Graus de liberdade de um sistema molecular

Considerando uma associação de N átomos (molécula, ião, ou radical) em fase gasosa – isto é, isolada e livre de restrições externas ao seu movimento – cada um dos seus átomos pode deslocar-se segundo as três direções do espaço, descritas pelos eixos coordenados ou vetores x,y,z. Teremos assim 3N vetores que podem combinar-se em 3N movimentos distintos.
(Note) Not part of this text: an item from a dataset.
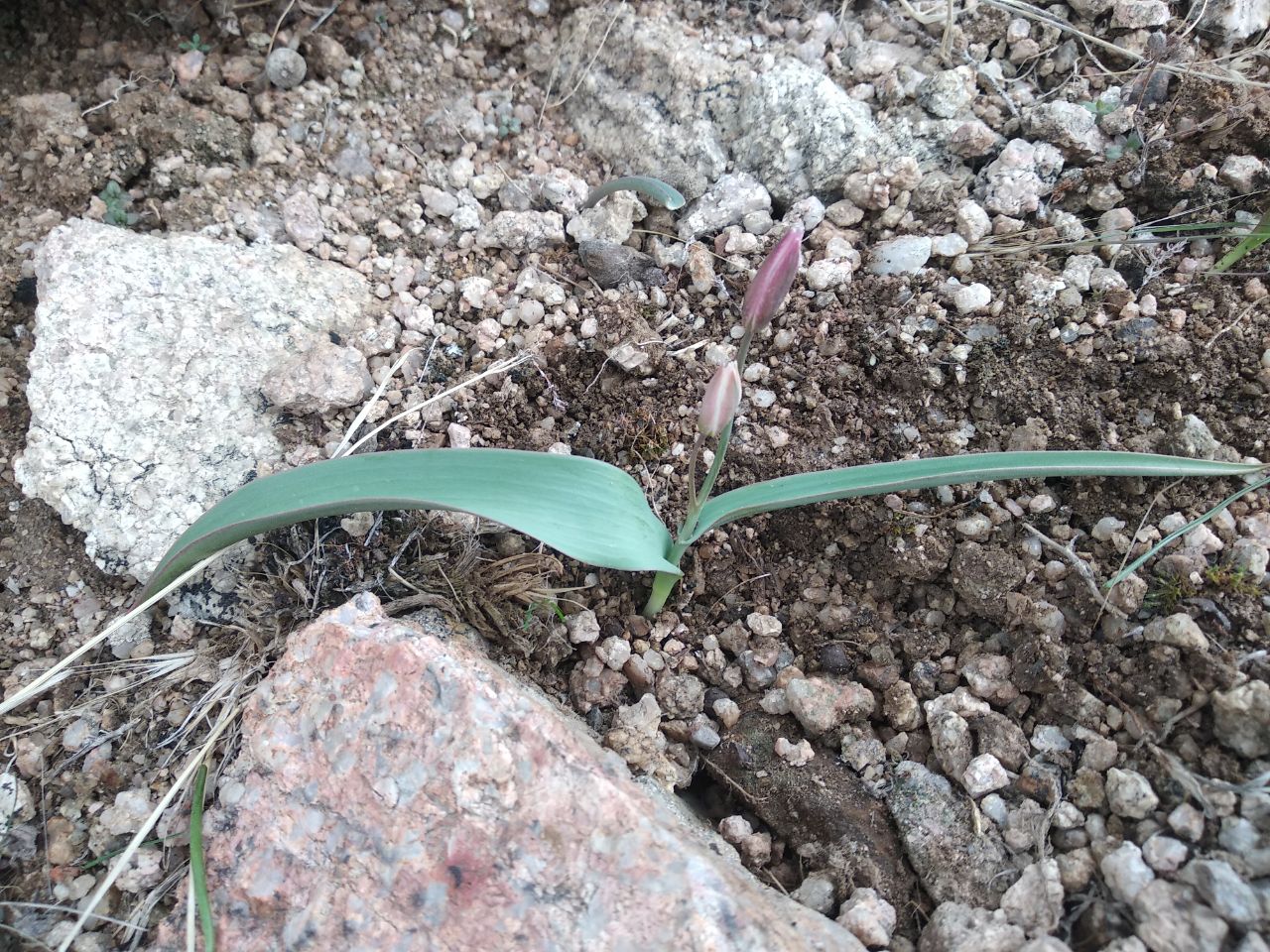 Image of Tulipa turkestanica specimen.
FIGURA 1. Representação esquemática dos 3N graus de liberdade de uma molécula diatómica. A linha superior representa as três translações, a linha inferior representa as duas rotações e uma vibração (O número de vibrações independentes é dado pela diferença entre o número de graus de liberdade e o número de translações e rotações, 3N-5). O movimento de vibração pressupõe que a ligação entre os átomos funciona como uma mola (que forçará os átomos a inverterem o sentido do movimento).

Quando todos os átomos se movem coordenadamente na direção um dado vetor (por exemplo, direção z: FIGURA 1, primeira imagem) isso representa a translação da molécula nessa direção. Para uma molécula isolada há pois três movimentos – ou graus de liberdade – translacionais.

De igual modo, é possível encontrar combinações de movimentos individuais dos átomos que resultam numa rotação da molécula em torno do seu centro de massa. Estes graus de liberdade rotacionais são também três para a maioria das moléculas. Em moléculas lineares, há apenas dois graus de liberdade rotacionais, pois não existe rotação em torno do eixo molecular (não moveria nenhum átomo).

As restantes combinações de movimentos atómicos resultam em movimentos dos átomos entre si, sem que haja translação ou rotação da molécula, ou seja, correspondem a graus de liberdade vibracionais. Deste modo, um sistema molecular com N átomos tem 3N-6 vibrações (3N-5 se for linear).

A solução da equação de Schödinger para uma partícula livre em movimento tem como significado físico a não-quantização da energia translacional. Dito de outro modo, os graus de liberdade translacionais são contínuos. Contudo, o mesmo não se passa com os movimentos os rotacionais e vibracionais, a que correspondem níveis de energia discretos (ou quantizados). Assim, é possível observar transições entre os níveis rotacionais (espectroscopia rotacional) ou entre os níveis vibracionais (espectroscopia vibracional). Como será discutido abaixo, numa molécula em fase gasosa é possível observar transições em que se alteram simultaneamente o estado vibracional e o estado rotacional (por vezes abreviadas para “transições roto-vibracionais”).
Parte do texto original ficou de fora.